Tag Archives: Echinoderms

Sea Cucumbers

Sea cucumbers are some of the strangest-looking organisms on the beach. They might have the shape of a cucumber, but that is where the resemblance ends. At first glance, a sea cucumber looks like a plant, but it is an animal. As I mentioned in my last post, they are echinoderms related to sea stars, sea urchins, and sand dollars.

There are more than 1,250 species of sea cucumbers, and they occupy nearly every marine habitat worldwide. They range in size from one to two inches (2.5 to 5 cm.)  to 10 ft. (3 meters). Most species reach a maximum length of between four to twelve inches (10 to 30 cm). Most, but not all, sea cucumbers have a cylindrical shape with protruding tube feet covering their bodies.
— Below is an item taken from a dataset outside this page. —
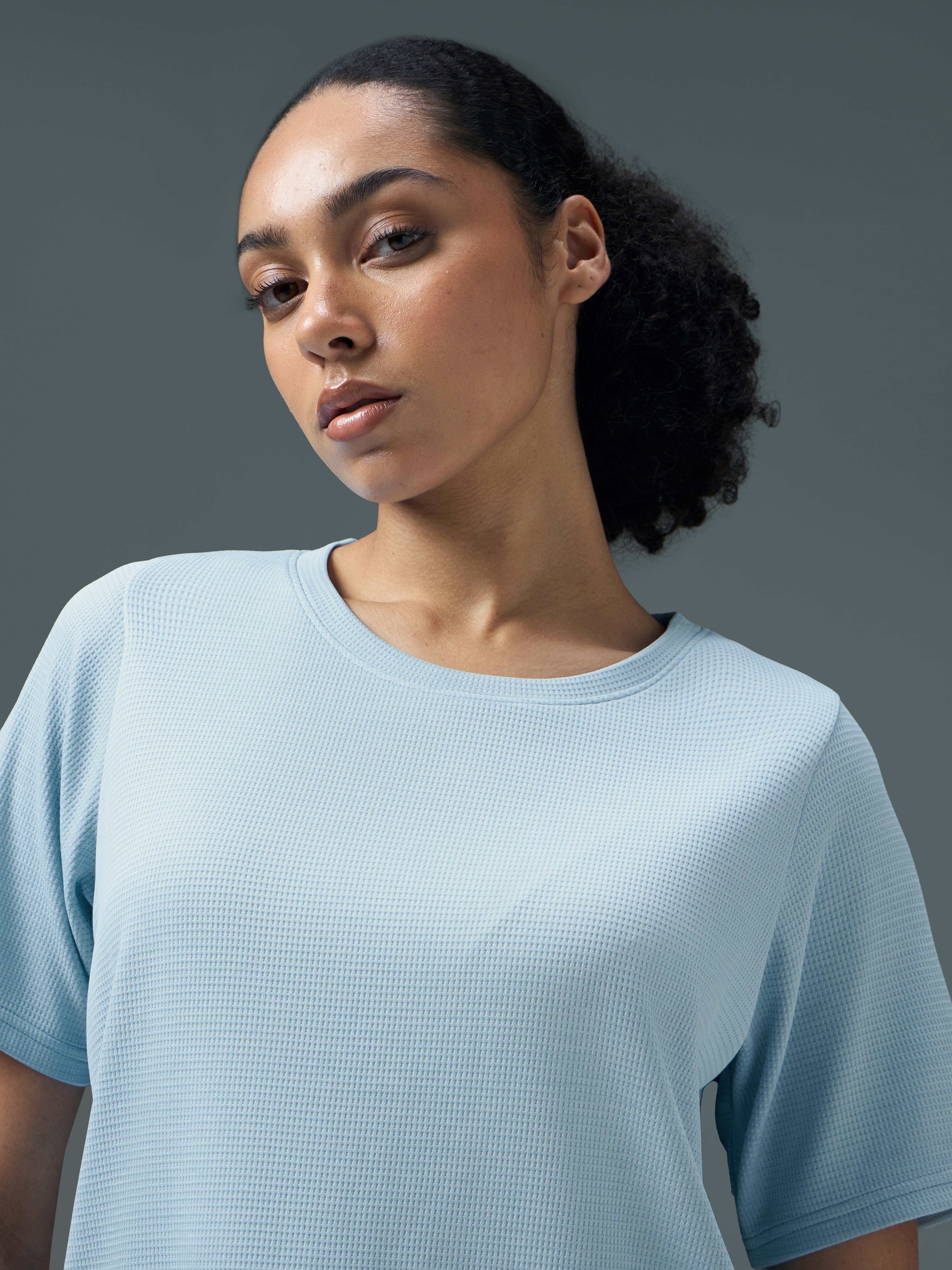 Women Cubic Melange Relaxed Fit Round Neck T-shirt with DOUBLE COOL - Image 6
All sea cucumbers live in the ocean, but some live in the. shallows, while others inhabit the deep ocean floor. They are benthic animals, meaning that they are bottom dwellers at whatever depth they live.
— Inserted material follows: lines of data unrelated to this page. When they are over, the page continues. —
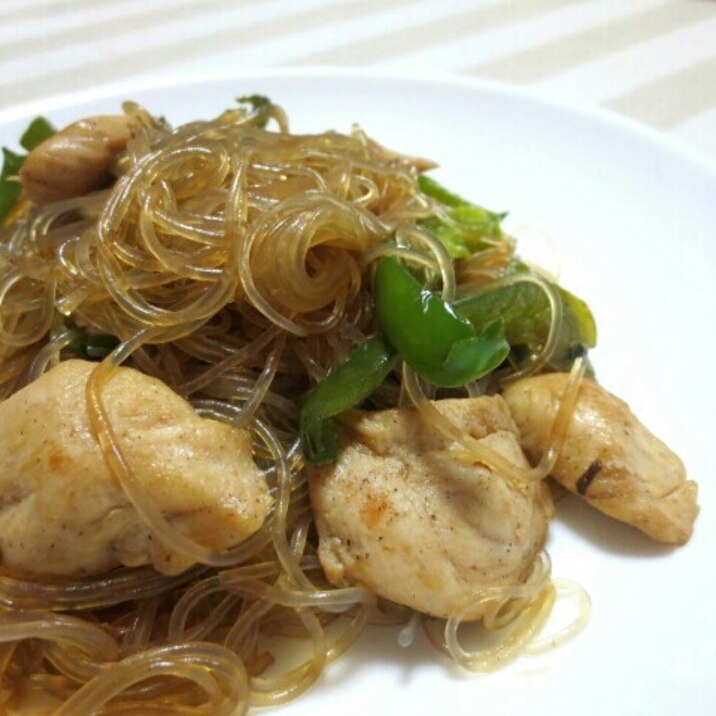 鶏ササPと春雨の中華ソース炒め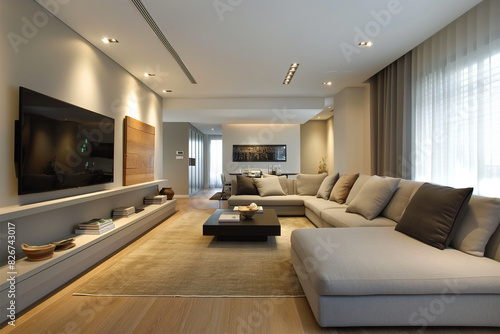 The interior of the house with a minimalist and modern design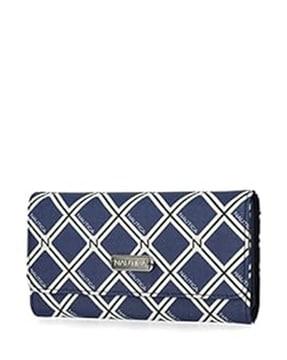 women checked rfid blocking tri-fold wallet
Sea cucumbers feed on algae, tiny aquatic animals, or waste particles. They gather their food with the eight to thirty tube feet surrounding their mouth.
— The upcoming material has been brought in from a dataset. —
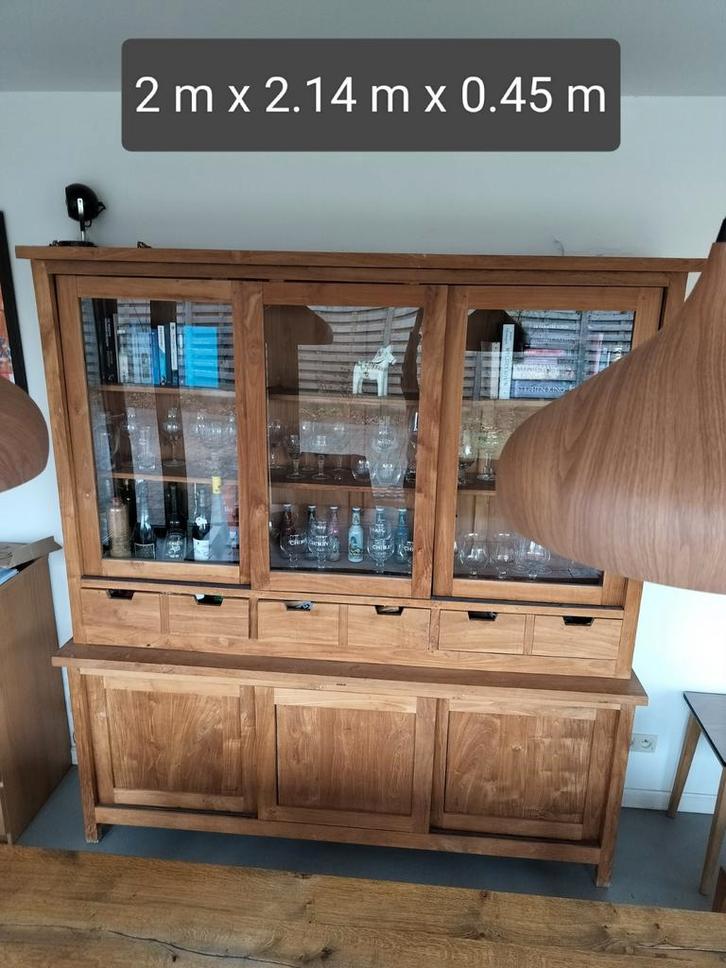 Teakhouten vitrinekast b 2 * 2.14 * 0.45, Maison & Meubles, Armoires | Buffets, Utilisé, 200 cm ou plus, 150 à 200 cm, 25 à 50 cm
When threatened by a predator, some species of sea cucumbers can discharge sticky threads to ensnare their attacker. Other species violently contract their muscles and propel their toxic organs from their bodies toward their attackers. They can quickly regenerate the missing organs. Sea cucumbers can also expose skeletal hooklike structures, making it more difficult for a predator to eat them.

While sea cucumbers can reproduce asexually, sexual reproduction is more common. They are broadcast spawners and gather in groups to release their eggs and sperm into the water simultaneously. When the eggs and sperm happen to meet, fertilization occurs. Sea cucumbers have a life span of five to ten years.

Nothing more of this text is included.